Simpatik atau kasihan,
Seorang Cho Kyuhyun belum benar-benar bisa membedakan maupun merekanya.
Tahunya hanya; bukankah semua rasa itu sama saja? jika beruntung, hatimu yang coba membantu menjelaskan.
Hanya mungkin Kyuhyun masih terlalu innocent—bukan dalam artian polos apalagi manis. ia hanya seorang tuan muda yang mencoba peruntungannya menjadi berandal minimal kelompok gangster, walaupun pada aplikasinya tak ada yang lebih menyenangkan selagi dirinya dengan bebas berkencan dengan PsP di temani setoples kue kering berkenaan dengan soda penyegar kerongkongan.
Simpatik,
Kini seorang Kyuhyun tengah menimbang, cenderung ke definisi rasa yang satu ini yang berhasil di deteksinya.

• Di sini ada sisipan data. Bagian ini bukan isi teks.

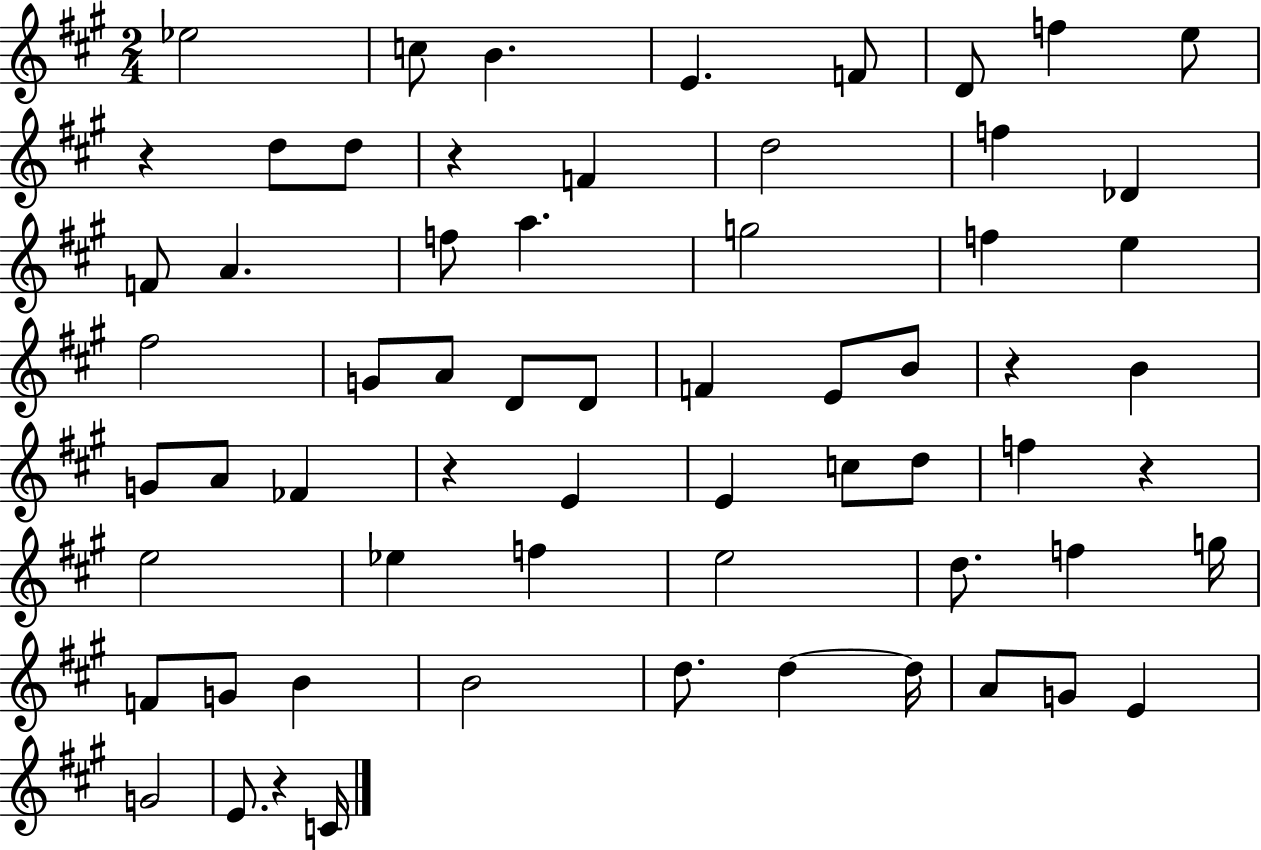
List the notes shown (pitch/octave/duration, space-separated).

Simpatik similiasi dengan iba, bukan?
Menjadi penikmat opera sabun nyatanya membuat Kyuhyun ingin terjun langsung ke layar drama. Di sini beda. Di matanya lain, bukan sekedar drama ecek-ecek yang dijual oleh para pengepul kaset film bajakan. Umpamanya.
"Tidakkah kau lelah terus berceloteh seorang diri dengan objek mati itu?"
Yesung tak menyahut. tahu sedari tadi di perjalanan, Kyuhyun terlunta mengikutinya. Siapa suruh, jadi susah sendiri hingga berjalan cukup jauh begini dengan kondisi mirip pengemis berpura pincang di tepi trotoar. Konyol!
Yesung bergeming, kembali menangkupkan kedua telapak tangannya sebatas dada dan juga mulai memejamkan mata.
Kyuhyun ikut memperhatikan. Sedikit bosan, merasa tertipu juga dimainkan. Siapa yang membuat joke di sini?
"Amin."
Yesung mengecup puncak papan kayu bertulis sebuah nama berukir sederhana namun juga terselip harapan. sebentar, lalu tersenyum.
"aku pulang dahulu, Wonnie. saranghae~"
Sejurus kemudian, Yesung berbalik. Bertemu pandang dengan Kyuhyun yang masih menyender di pohon willow kokoh berdaun rimbun di sana.
"sudah selesai?"
Yesung mengangguk tenang, air mukanya tak bisa Kyuhyun reka. Terlalu banyak kombinasi di sana.
"kau mau pulang?"
Kyuhyun memicing, "apa kau pikir aku mempunyai keluarga di sini yang mengharuskanku berdoa terlebih dahulu lalu pulang sebelum petang? Kau fantastis!"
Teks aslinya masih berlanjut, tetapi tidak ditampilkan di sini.